Could you restate every entry word for word, minus the pictures?

- Excerpted records -
= Beginning of Section =
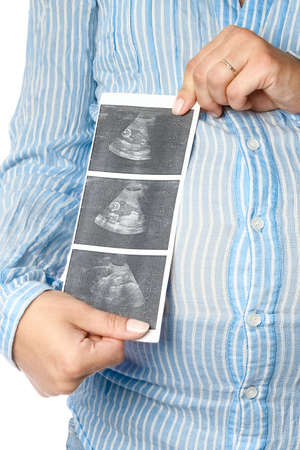 Happy pregnant girl lies on white background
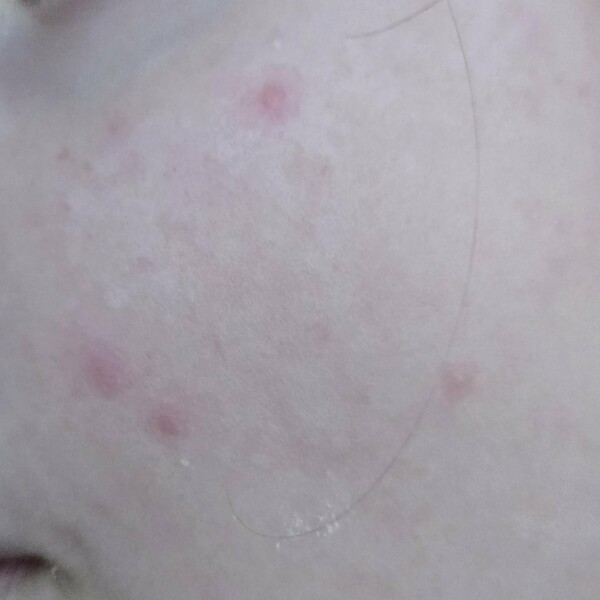 Reoccurring spots on face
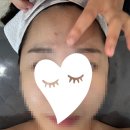 델루나뷰티 | 풍무동피부관리 델루나뷰티 물방울관리 + 좁쌀여드름 압출 후기!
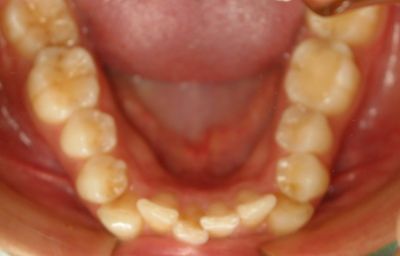 Caso 1: Tratamientos de Centro Odontológico La Eliana Caso 1: Tratamientos de Centro Odontológico La Eliana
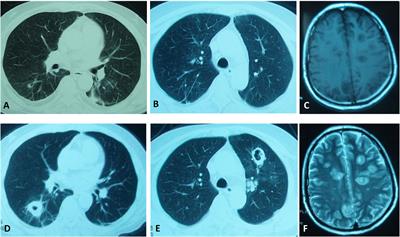 Cushing’s Syndrome With Nocardiosis: A Case Report and a Systematic Review of the Literature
= End of Section =
- Result for this task -
 Happy pregnant girl lies on white background
 Reoccurring spots on face
 델루나뷰티 | 풍무동피부관리 델루나뷰티 물방울관리 + 좁쌀여드름 압출 후기!
 Caso 1: Tratamientos de Centro Odontológico La Eliana Caso 1: Tratamientos de Centro Odontológico La Eliana
 Cushing’s Syndrome With Nocardiosis: A Case Report and a Systematic Review of the Literature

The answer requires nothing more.